■ **Records for the task**:
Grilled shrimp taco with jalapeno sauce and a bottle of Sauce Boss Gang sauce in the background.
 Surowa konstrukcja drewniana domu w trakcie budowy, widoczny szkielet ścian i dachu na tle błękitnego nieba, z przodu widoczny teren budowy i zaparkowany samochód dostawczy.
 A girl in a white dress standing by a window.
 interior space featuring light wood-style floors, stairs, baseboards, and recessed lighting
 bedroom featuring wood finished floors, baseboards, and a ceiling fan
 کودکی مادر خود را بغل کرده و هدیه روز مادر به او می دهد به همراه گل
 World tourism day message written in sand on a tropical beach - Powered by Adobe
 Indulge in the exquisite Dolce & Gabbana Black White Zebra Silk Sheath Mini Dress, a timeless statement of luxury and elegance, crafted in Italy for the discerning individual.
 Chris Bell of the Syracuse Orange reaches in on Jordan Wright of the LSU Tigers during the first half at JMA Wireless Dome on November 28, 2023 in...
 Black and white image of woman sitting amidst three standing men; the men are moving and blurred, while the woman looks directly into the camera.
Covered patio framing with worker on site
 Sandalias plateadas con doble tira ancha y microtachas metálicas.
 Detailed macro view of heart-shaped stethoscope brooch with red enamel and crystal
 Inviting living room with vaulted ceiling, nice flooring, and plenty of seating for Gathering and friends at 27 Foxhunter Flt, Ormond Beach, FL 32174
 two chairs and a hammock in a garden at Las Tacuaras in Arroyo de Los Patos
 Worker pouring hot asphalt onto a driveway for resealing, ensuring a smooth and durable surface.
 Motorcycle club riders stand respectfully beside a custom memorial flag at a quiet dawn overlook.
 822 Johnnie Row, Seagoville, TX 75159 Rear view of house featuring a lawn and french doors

■ **About this exercise**: Reproduce each line above that contains "featuring".

■ **Answer to the problem**:
 interior space featuring light wood-style floors, stairs, baseboards, and recessed lighting
 bedroom featuring wood finished floors, baseboards, and a ceiling fan
 822 Johnnie Row, Seagoville, TX 75159 Rear view of house featuring a lawn and french doors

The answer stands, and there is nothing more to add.